From The Arthur Conan Doyle Encyclopedia

Tushery is an article published in The Bystander on 3 january 1906.


Tushery

The Bystander (3 january 1906, p. 41)
Sir Arthur Conan Doyle. Who, from the writing of detective stories, has passed to the relation of chivalrous romance in the serial columns of a contemporary. Photo by Russell and sons.

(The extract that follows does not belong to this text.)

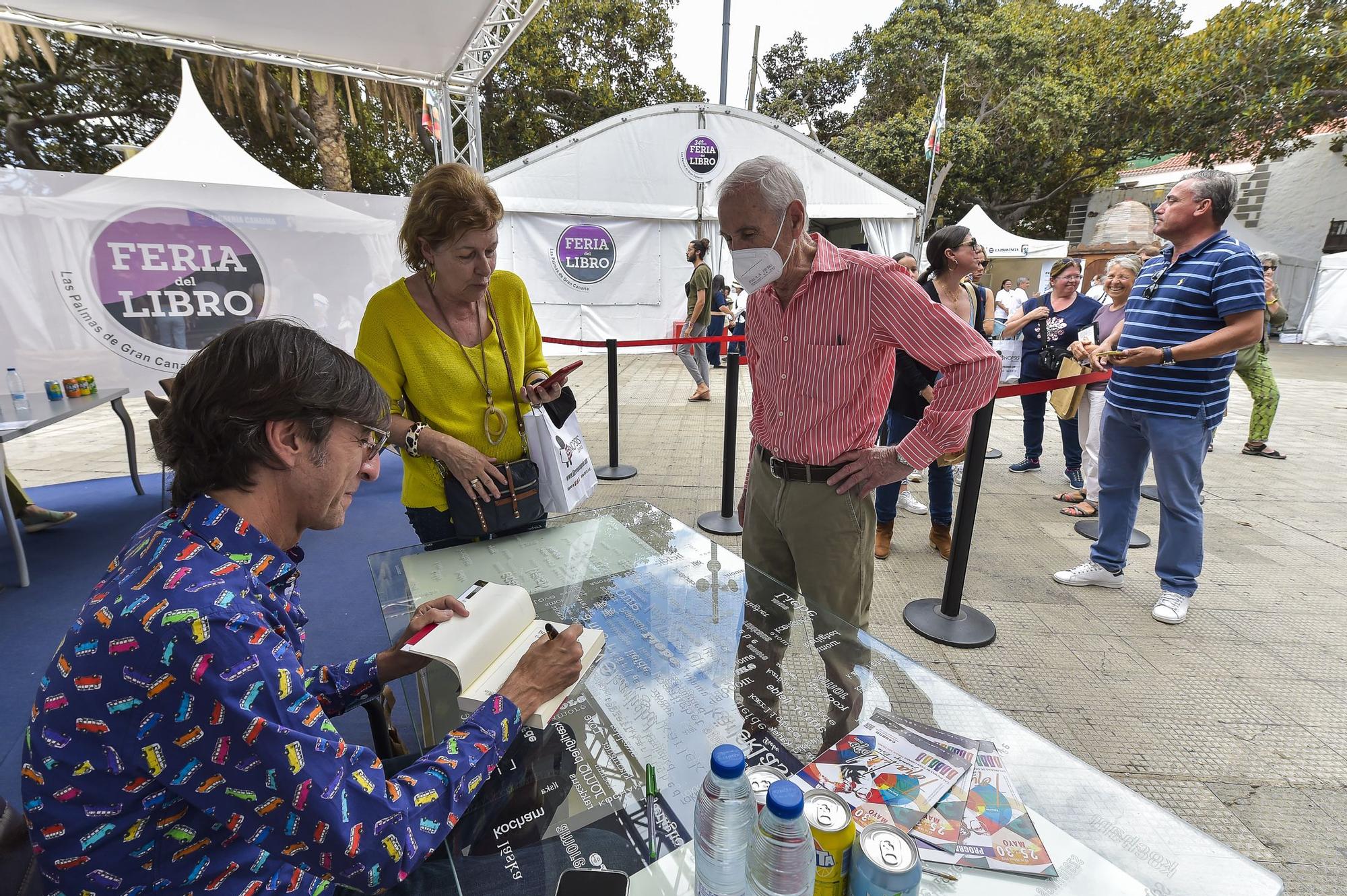 Benjamín Prado firmando libros.jpg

However, let us put aside all "Tushery" doubt as to the genuineness of the Chivalry likely to be found in a story so put forward, and merely wonder whether the modern public is capable of being worked up to enthusiasm nowadays about the novel of knights, and monks, and caitiffs, and all that which R. L. Stevenson, in his letters to W. E. Henley, used to describe as "tushery" — because in such tales, and nowhere else, people said "tush!" to one another. R. L. S. was no admirer of the method, though he himself essayed it once in very brilliant style. His "Black Arrow" is, to my mind, infinitely the best-of its kind since Scott; and for true historic colour it is better than anything of Scott's. The Dialogue could only have been done by a man who had absorbed the Paston Letters. Yet I venture to think it is the least read of all his works; and what R. L. S. himself thought of it he described in one of his delightful letters. "What do you think I have turned to now?" he wrote "To tushery, by the mass!" And he went on to describe the tale (I quote from memory, but I think correctly) as one "wherein the tushery do tush me so free, that may I be tushed if the whole thing is worth a tush!"... No; I cannot convince myself that there is a present, much less a future, for the romance of "tushery." Anything of Sir A. Conan Doyle's will be read; but something of his very own, something with eccentric crime in it, would be read much more, and one would not feel the shock on seeing such a story "boomed" that one does when one finds a story of the knightly, the noble, and the great of heart, advertised like a new kind of blacking.